*** GIVEN MATERIAL Section Begins ***
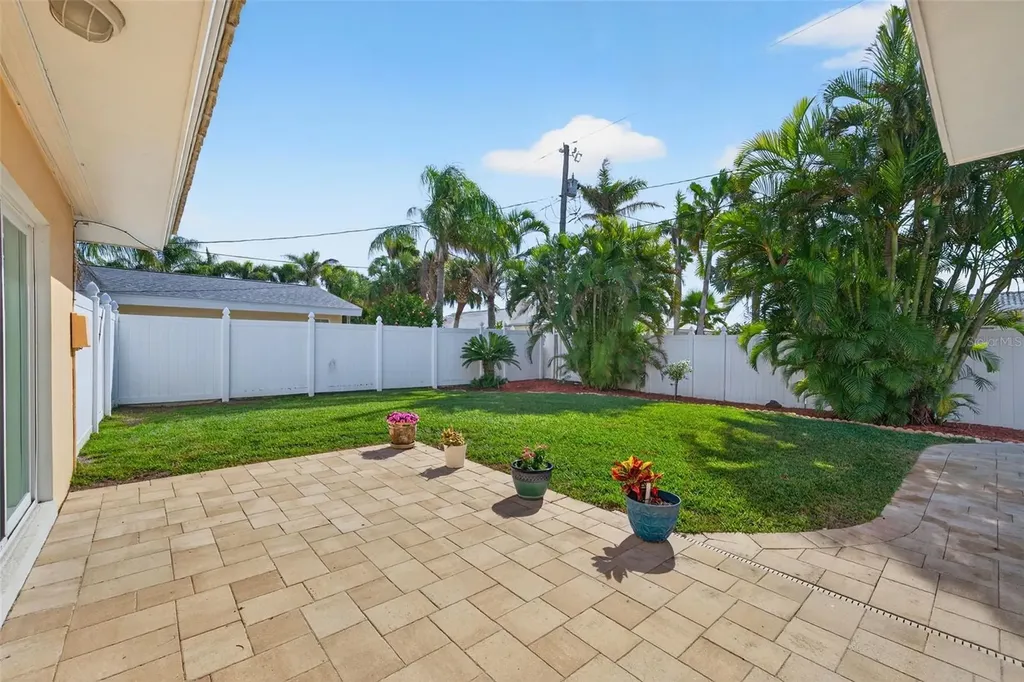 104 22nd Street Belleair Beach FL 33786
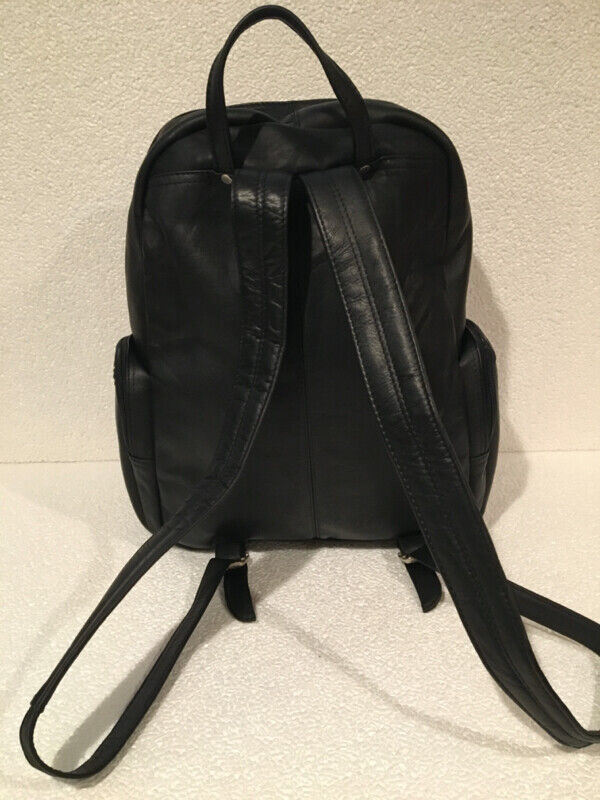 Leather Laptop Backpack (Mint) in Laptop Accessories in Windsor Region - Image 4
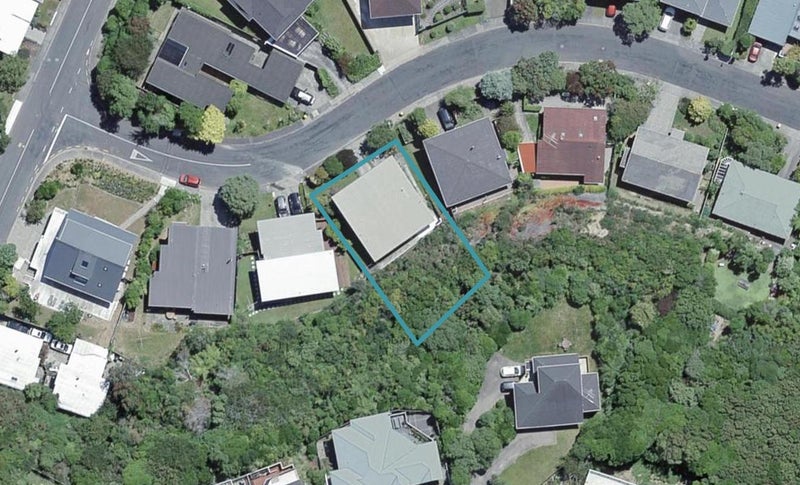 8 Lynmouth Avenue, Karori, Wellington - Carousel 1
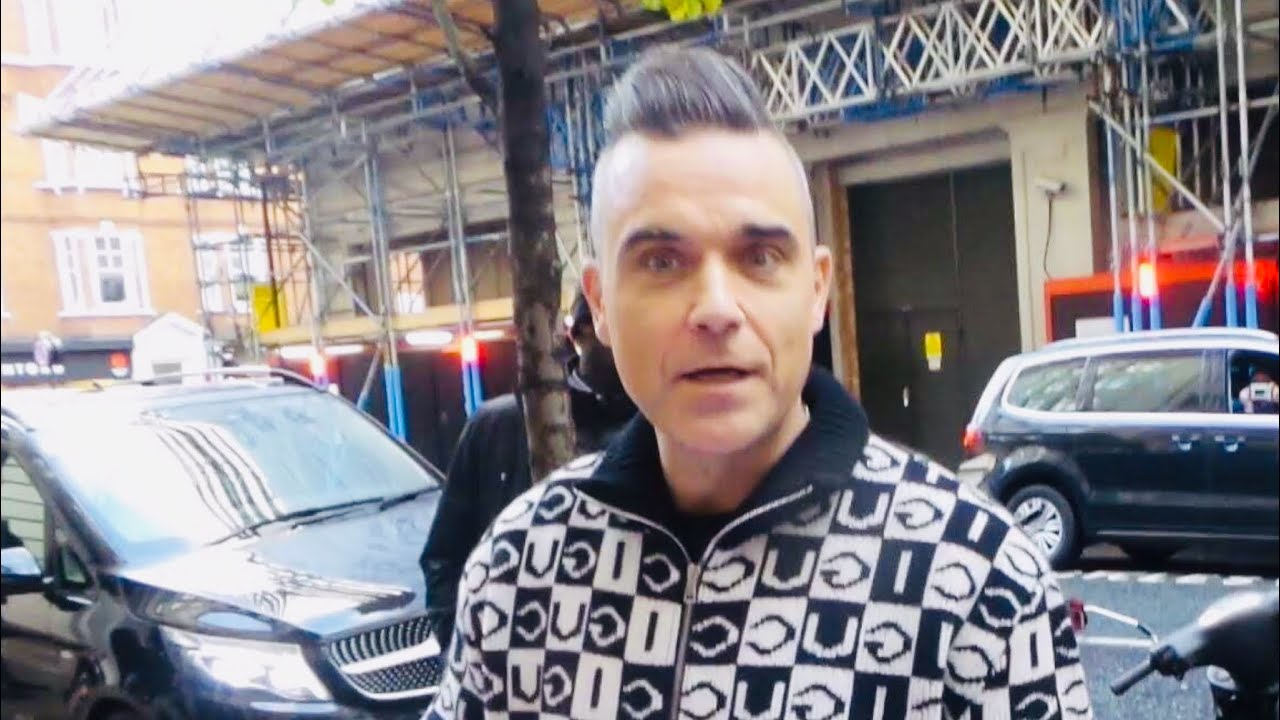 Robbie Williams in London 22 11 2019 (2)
*** GIVEN MATERIAL Section Ends ***
> _EXERCISE_:
Retype the data above exactly. Do not carry over any images.

> _RESULT OF THE EXERCISE_:
 104 22nd Street Belleair Beach FL 33786
 Leather Laptop Backpack (Mint) in Laptop Accessories in Windsor Region - Image 4
 8 Lynmouth Avenue, Karori, Wellington - Carousel 1
 Robbie Williams in London 22 11 2019 (2)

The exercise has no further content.